Monday, 7 April 2014


Cycling along the hard shoulder of the main road a young guy on a motorbike idles alongside us.  After our recent experience I warily wonder if he wants to rob us, although there is enough traffic around for us to feel safe.  He smiles but then he reaches into his jacket pocket.  I look for the tell-tale flash of glinting steel as the knife appears.  He reaches out and thrusts it towards me.  It is round and orange and he pushes it into my hand before catching up to Gayle and repeating the gesture.  With a rev of the engine he rides off.  We stop immediately to consume his gift.

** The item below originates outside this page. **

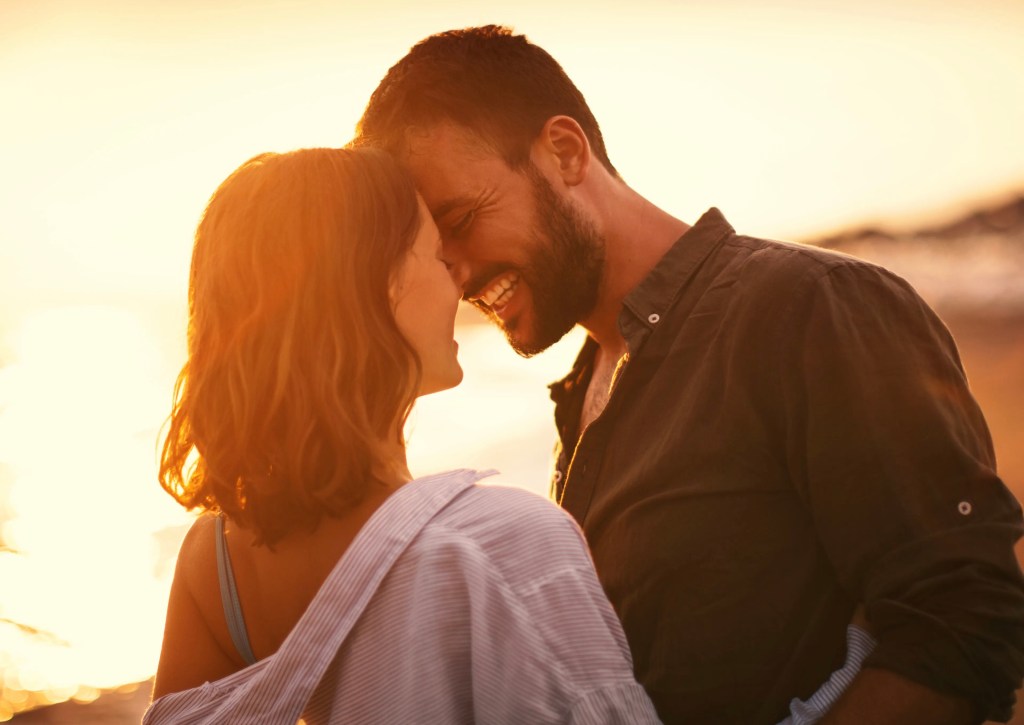 Experto afirma que los hombres son más rápidos en decir «te amo» en una relación que las&nbsp;mujeres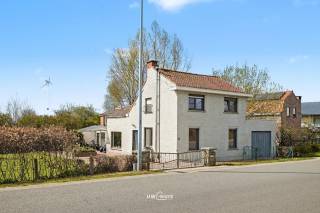 In een rustige, landelijke omgeving in Sint-Gillis-Waas bevindt zich deze charmante open bebouwing op een zuidgericht perceel van 750 m². De woning...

that's an awful lot of guano
The road out of Esfahan is not too busy.  Along the way we are deafened by tooting horns and waves and shouts from Iranians on holiday, roofs laden with suitcases.  We pass one of the huge old pigeon towers, built to house the thousands of birds that once provided the fields with fertiliser.  The road and the landscape are fairly flat.  We pass through a line of low hills and on into the sun-baked expanses, going at a fair old lick.  Around midday as our bodies heat up and our energy is dipping we are waved to a stop by a few men at a red crescent station beside the road.  They have a huge cooler full of orange juice.  We drink a couple of litres, accept the offer of biscuits and continue on with renewed vigour.  At the entrance to a small town there's a shady park with grass, pine trees, toilets and sinks with taps.  People have stopped for picnics and we join them.  After the sun, the shade is deliciously cold. We continue on in the late afternoon towards the village of Toudeshk where we know there's a homestay.  Of course, after a day of flat road, it ends with a long slow climb.  When we arrive we are happily tired - 100 kms is a long day after a break off the bike.

desert road
The next morning we continue up the road to a pass in the mountains which we know is the high point of our ride to Yazd.  Mohammed at the homestay has assured us it's all downhill from here.  Mohmammed doesn't cycle much so we're doubtful of this information.  He also has suggested we could complete the ride in two more days, although it's over 220 kms. Half an hour later we have descended a lovely long road and reached Na'in where we stock up on fruit and veg.  It's Nature Day in Iran - the 13th day of the New Year when everyone takes to the great outdoors.  Most shops are closed and the streets are busy with holidaymakers on their way home and daytrippers out for a jolly.  We are accosted by several people who want to talk and take our photos.  We are a bit dusty and sweaty - why on earth does anyone want to photograph us? Riding on we hit a headwind that slows us to a wobbly crawl.  For lunch we seek shelter in a tunnel under the road.  We have to waive the first few we look in as someone has paid a visit before us.  The highway here is out in the wide open desert.  There's nowhere else to hide if you need a toilet break.  Perhaps today is really Call Of Nature Day.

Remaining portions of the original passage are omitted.